Whilst MINAB does not necessarily accept the bona fides of the reports in the Press about the investigation carried out in mosques about “under-age” marriages, it will use this opportunity to remind our 600 plus member mosques, as well as other mosques, that compliance with all the laws of England, Wales and Scotland is of fundamental importance.

In this context it is well to bear in mind that the legal age for marriage in Britain is not a straightforward matter.  “Marriage” of parties, one or both of whom is under 16 years of age is prohibited and invalid and any person who facilitates such “marriage” is liable to criminal prosecution.

If one or both parties are over 16 but under 18, Nikah can be lawfully performed only if the party who is under 18 establishes that he or she has parental consent to the proposed Nikah. For persons who are subject to immigration control the minimum age for marriage is 21.

Each and every Mosque Management Committee must remain engaged and vigilant in the provision of Nikah services to its congregations, ensuring that Imams are carrying out their duties in this area with complete adherence to the laws in the United Kingdom and maintaining proper records of the functions.

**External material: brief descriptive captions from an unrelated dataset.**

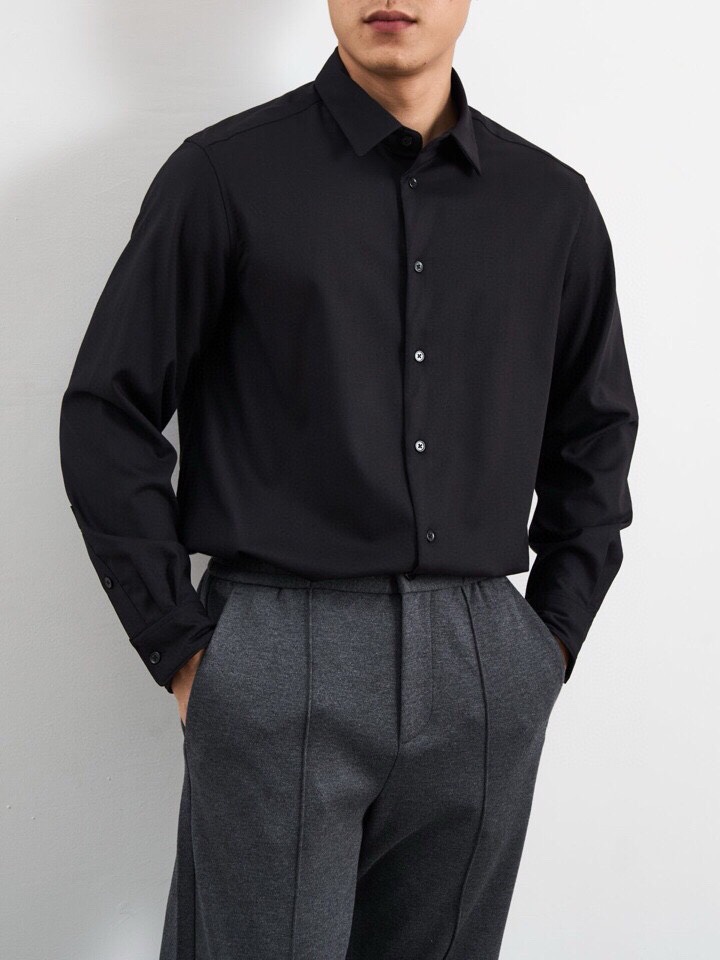 Ermenegildo Zegna 杰尼亚2025秋冬长袖衬衫，185克重莫代尔羊毛混纺面料。4种材质混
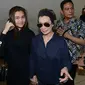 Penyanyi Reza Artamevia dan putrinya Aaliyah Massaid saat mendatangi Polda Metro Jaya, Jakarta, Senin (17/10). Reza dipanggil soal laporannya kepada Gatot, jumat (7/10/2016) karena dianggap menipunya selama di padepokan. (Liputan6.com/Herman Zakharia)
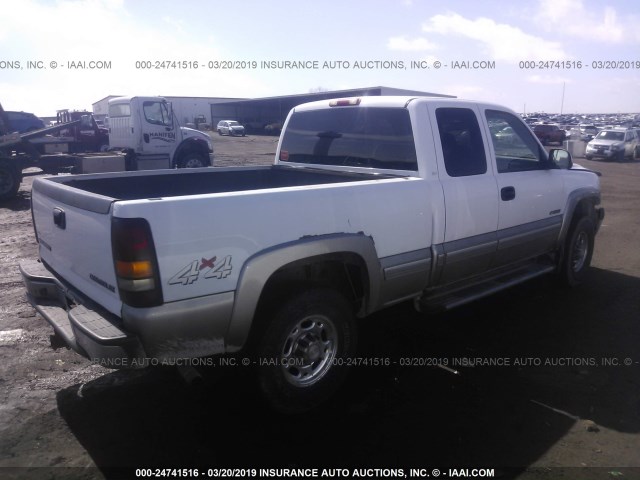 1GCGK29U42Z283740 - 2002 CHEVROLET SILVERADO K2500 WHITE photo 4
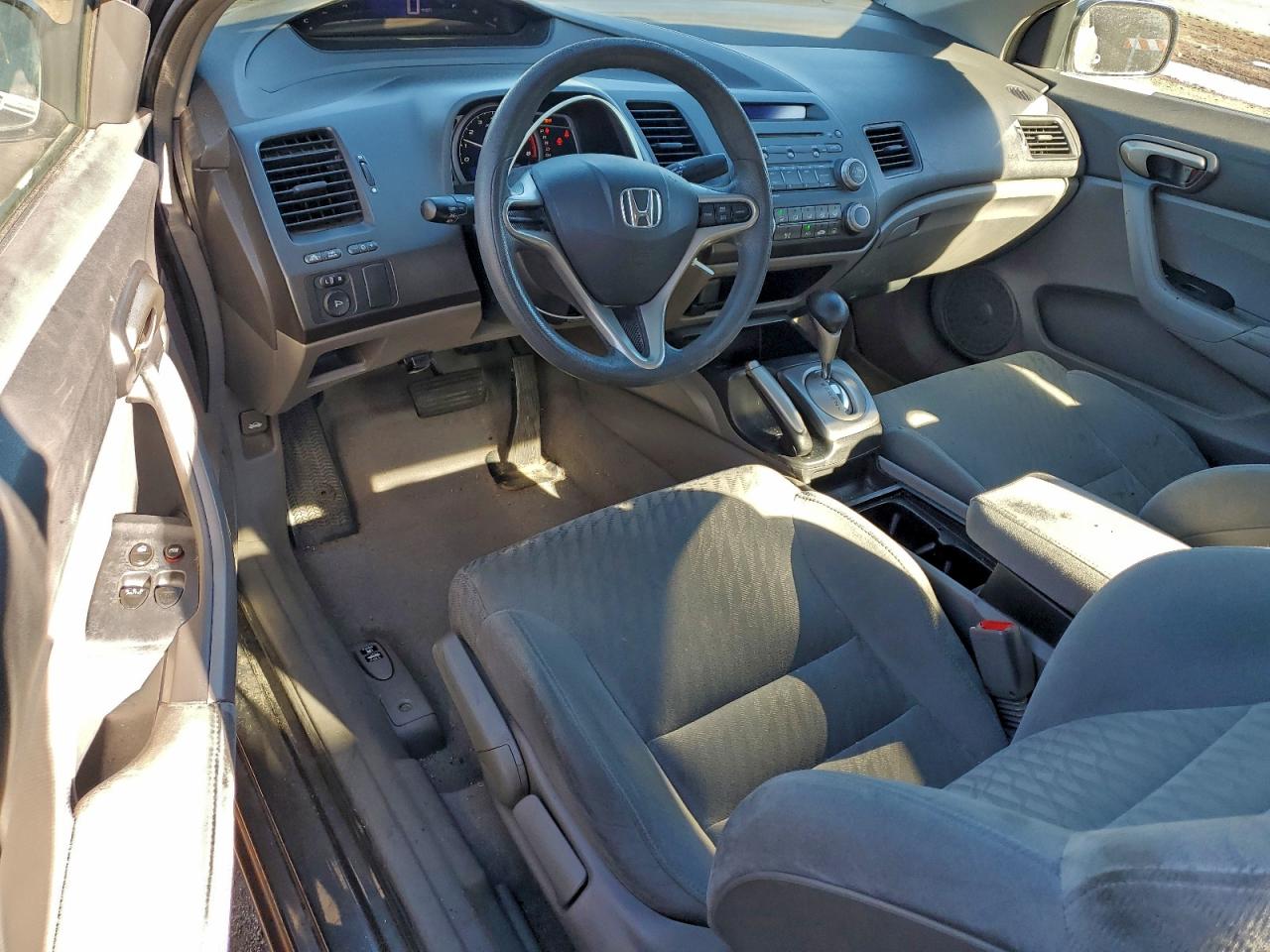 2009 Honda Civic Lx VIN: 2HGFG12629H520126 Lot: 94447245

Before accepting a request to book a Nikah ceremony, an Imam concerned should satisfy himself that parties have the legal capacity to get married. In this context, the Imam should require the parties to produce proof of age, preferably demanding to see their passports, and by checking their immigration status in the United Kingdom. It is also the duty of the Imam who carries out the Nikah to satisfy himself that the parties to the Nikah give their consent freely, without undue influence or duress and that neither party has been subjected to any coercion or financial inducement. This is particularly important where one of the parties is above the age of 16 but under 18, and the consent of parents is required or where a party is subject to immigration control. In the event of doubts on age and free consent, the Imam should share his doubts with the parties and refuse to proceed unless further satisfactory evidence is produced.

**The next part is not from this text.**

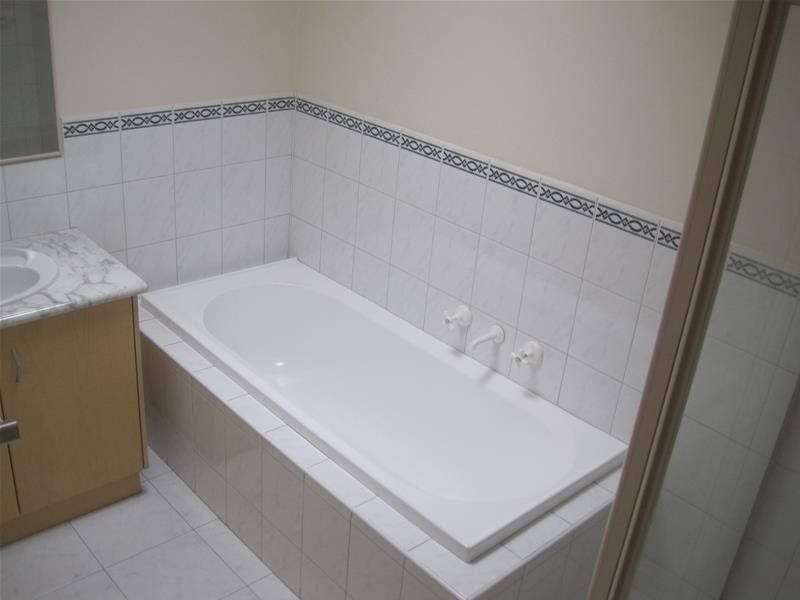 GREAT TOWNHOUSE, PRIME LOCATION!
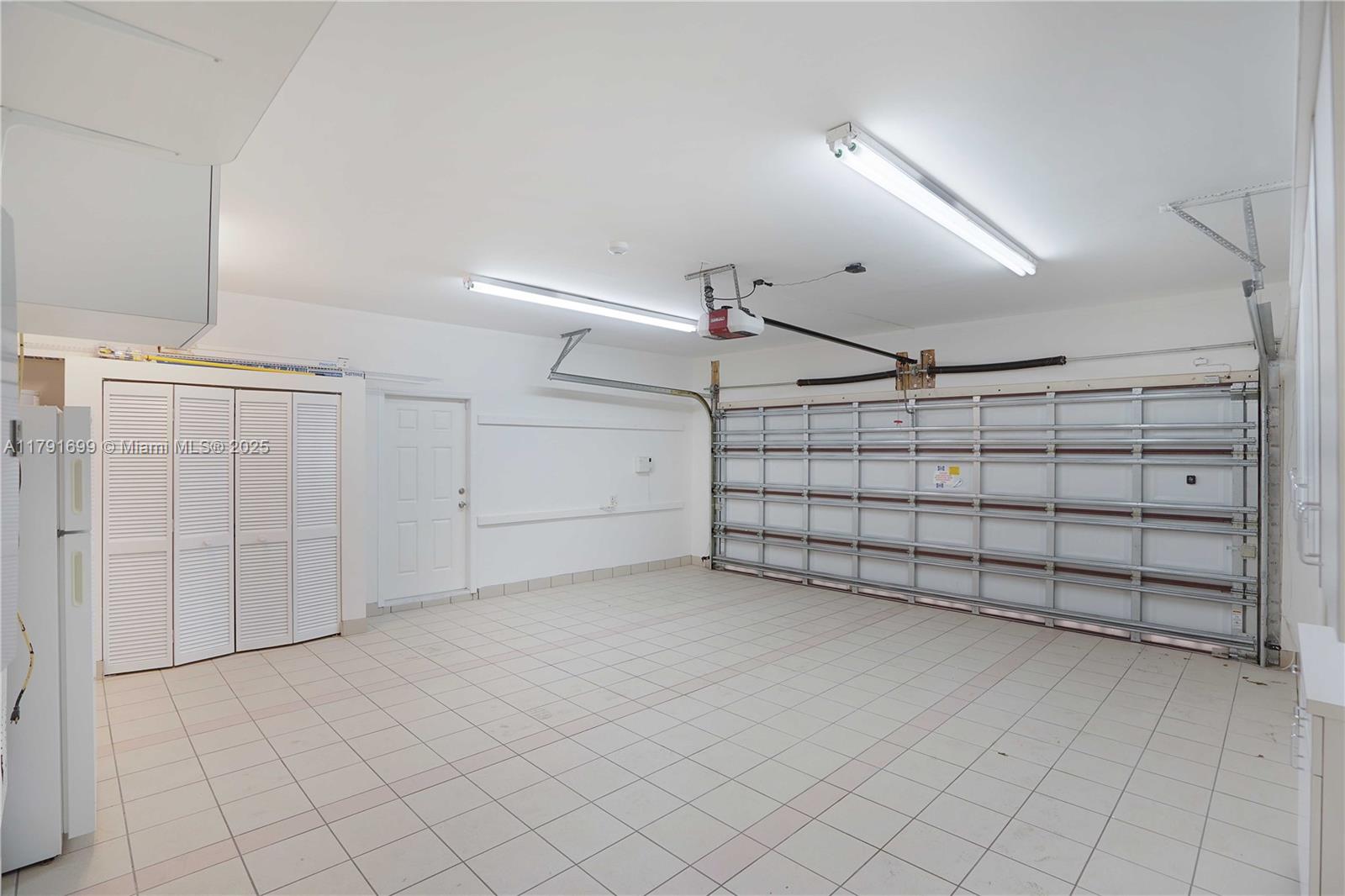 CORAL GABLES RIV SEC PART - Residential Lease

The Nikah ceremony must be carried out in public and should be witnessed by a minimum of two persons whose identity and particulars should be duly recorded in the relevant documentation as should any agreement by parties on the payment of dower.

The Chair of MINAB, Maulana Sarfraz Madni said: “ Although MINAB is sceptical of the so-called investigation and its results as stated in the Press, we are determined that all Mosques remain mindful of their duties of good governance. Good governance includes compliance with the laws of the land. We call upon those who were involved in this “secret investigation” to share its methodology as well as full results with us, so that our legitimate doubts, given the prevailing climate of anti-Muslim media, are resolved. We also call upon all our members to pay particular attention to safeguarding children and the vulnerable users of their services in all areas including education. Nevertheless if there is cogent and reliable evidence that laws have been broken, we would support tough sanctions to be used against those responsible.”



Notes to Editors:

A - The Mosques and Imams National Advisory Board (MINAB) is engaged in the promotion of good governance in Mosques and Imam Training Institutions through a process of voluntary self regulation.

B-  It has a diverse membership of over 600 hundred Mosques and Training Institutions.

C-  It is a charity registered under the laws of England & Wales.

D-  It is a community led independent body, non sectarian in its outlook with no role in matters of theology and an accountable and transparent system of representation.